I now have a much better understanding of the reasons behind the debate regarding whether or not IP belongs in EDA. My approach had always been that since IP blocks are a necessary component of ESL design, the development and commerce of the blocks is an EDA activity. But having listened to many speakers explore the legal and financial aspects of the industry, I now understand that both vendors and users of IP must use methods that are different from those in traditional EDA for transacting business. Of course the methods are also very different from those used in the semiconductor industry, so I am now leaning toward the position that IP is its own industry.
In the last two days I have learned more about patents than I thought there was to learn. Speakers in the legal and business track discussed the process required to obtain a patent and more importantly the process to be followed to license the patent to a company. If I had any entrepreneurial dreams of becoming a millionaire by licensing my invention to a big company, I now can kick back and tell myself that given the probability of success, my time is much better spent on the golf course, especially since I do not have the amount of money required to pursue the extremely protracted legal and business negotiations required to achieve the goal.

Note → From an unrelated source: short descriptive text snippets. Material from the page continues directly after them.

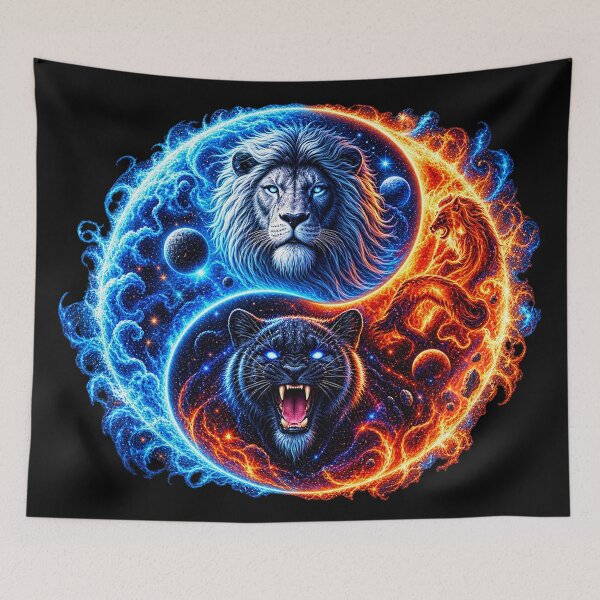 Item preview, Cosmic Yin Yang Lion & Panther – Fire and Ice designed and sold by TroviTutto.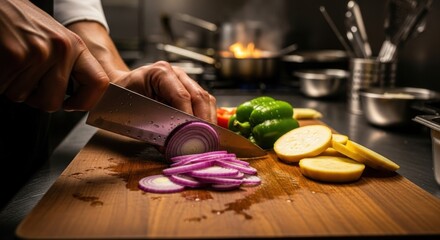 Culinary artist precision cutting fresh vegetables in a professional kitchen setup for a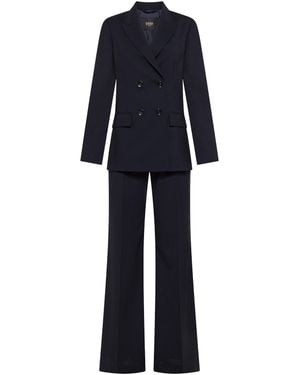 SEVENTY VENEZIA Double-Breasted Blazer Straight-Leg Suit - Blue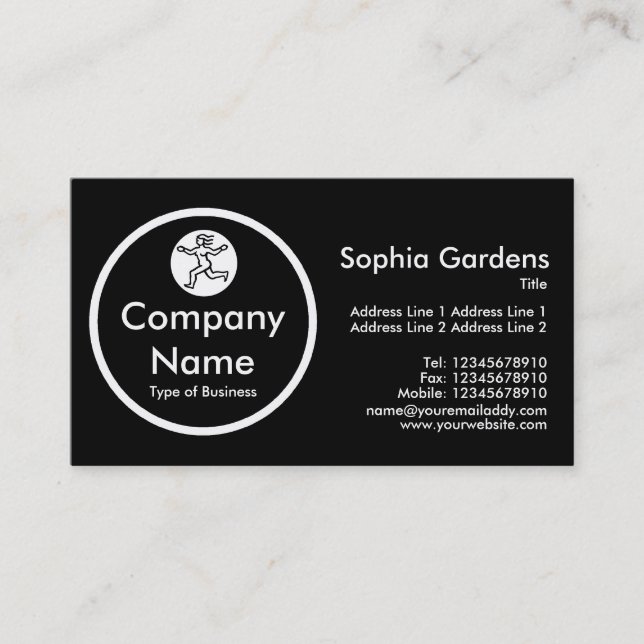 Black Circle - Black Business Card (Front)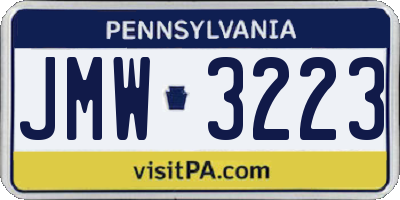 PA license plate JMW3223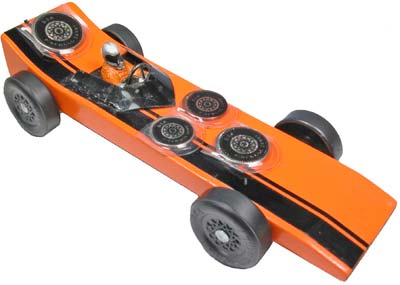 Pinewood Derby car with weights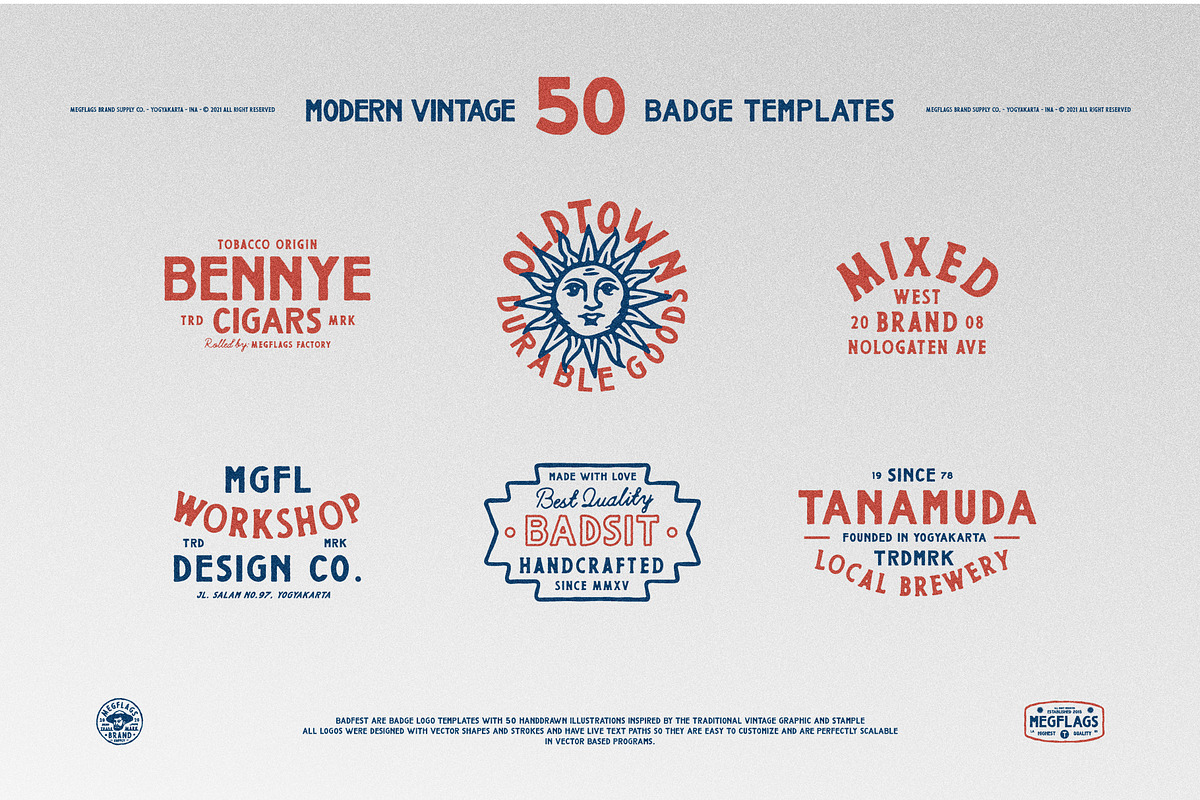 Badfest 50 Badge/Logo Templates, a Branding & Logo Template by Megflags (Photo 2 of 10)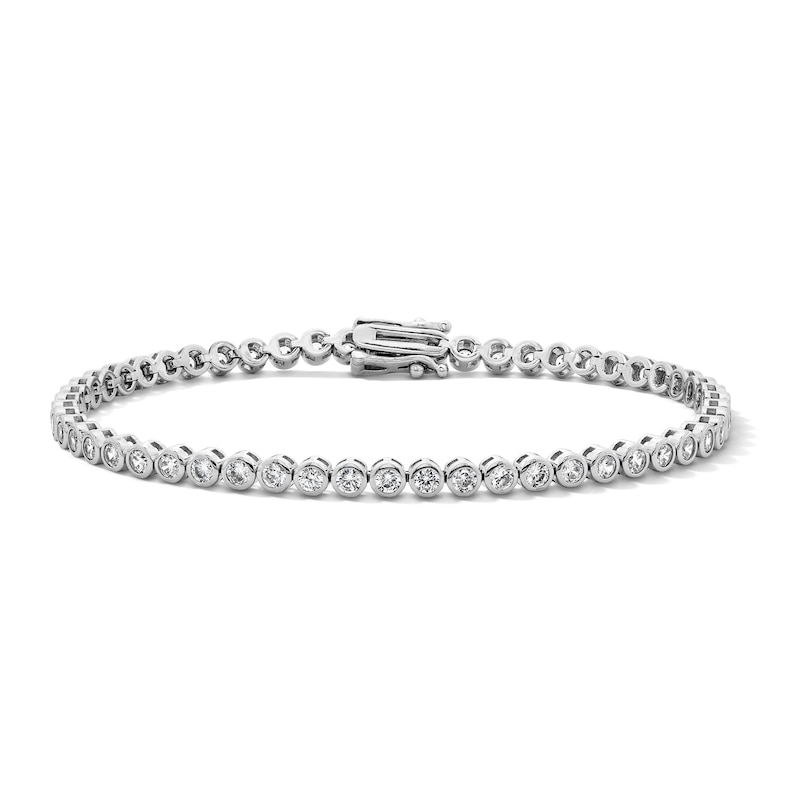 Main Image 1 of White Lab-Created Sapphire Tennis Bracelet in Sterling Silver - 7.28"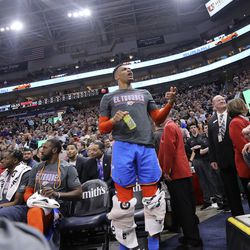 Oklahoma City Thunder's Russell Westbrook gets into a heated verbal altercation with fans in the first half of an NBA basketball game against the Utah Jazz, Monday, March 11, 2019, in Salt Lake City.
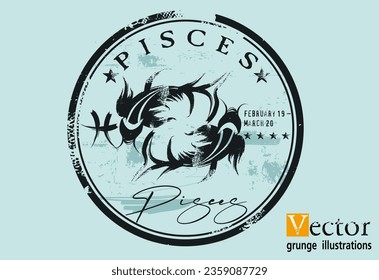 astrologi Pisces element, Abstract grunge stamp with the Pisces symbol from the horoscope, Grunge Round zodiac sign Pisces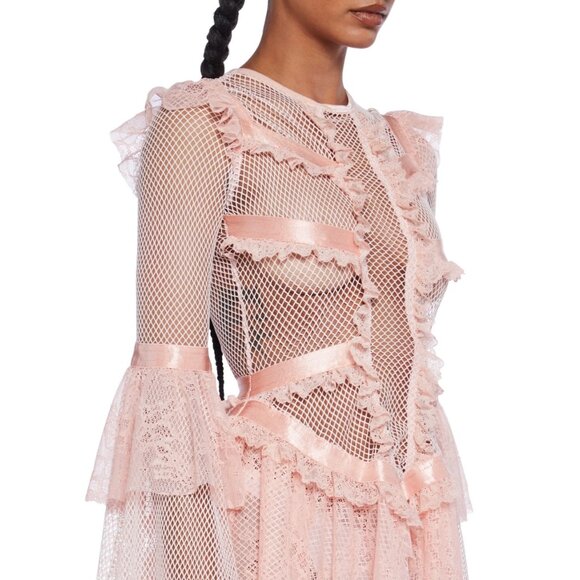 NWT Club Exx Pastel Pink Fishnet Ruffled Lace Bell Sleeve Fairycore Mini Dress - Picture 3 of 10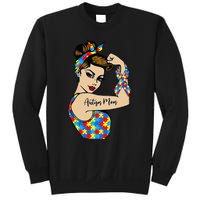 Autism Mom Unbreakable Rosie The Riveter Strong Woman Power Sweatshirt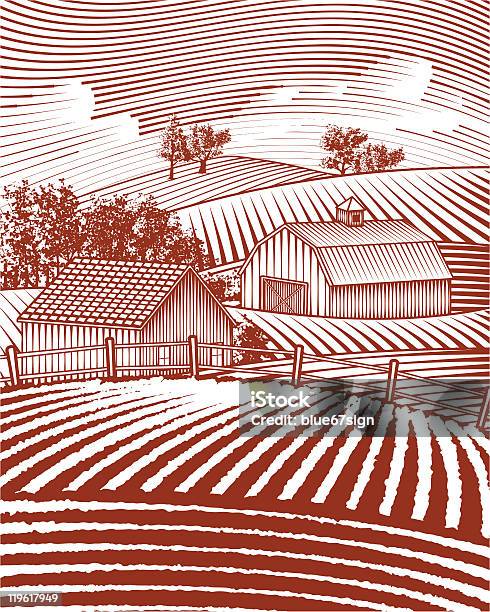 Farm Scene Landscape Stock Illustration - Download Image Now - Woodcut, Landscape - Scenery, Barn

The technical track also had new information for me. The most important thing every designer must learn is that any change to a third party IP has significant consequences on the project schedule. Peter Hirt, of STMicroelectronics, shared with the audience the fact that internalizing an IP block they had licensed from a third party vendor cost the company six times the amount they had paid for the original license. Most of the cost was incurred in developing a verification environment for the block that was compatible with the one used by the engineers on the team.
In a talk titled "Achieving Maximum Silicon Reuse: Lessons Learned from Benchmarking 1,200+ SoC Projects" Ron Collett showed the impact of changes to third party IP on schedules, using actual performance measurements from real designs that had reached commercial production. A 10% change spread among all of the third party blocks in a given design resulted in more than doubling the development schedule, something that is not intuitive. The same magnitude of impact was also reported by other speakers during the Symposium.
Mark Gisi, of Wind River Systems, talked about the pitfalls of using third party software, especially Open Source software, in developing a proprietary product. Developers are often not aware of the rules surrounding the various licensing mechanisms used in Open Source, and the omission of due diligence can be quite costly, both in financial and in public relations terms, for a company.
I no longer consider a IP block the equivalent of a standard part of old: it is more than that, in technical, financial, and legal terms. Although it may be obvious that companies must educate managers and engineers by providing an understanding of the legal issues regarding reuse of both soft and hard IP, it is also clear that education on the technical uses of IP is required. By attempting to improve an IP block a development team might doom the project to failure because the resulting schedule slip can result in missing the market window for the product.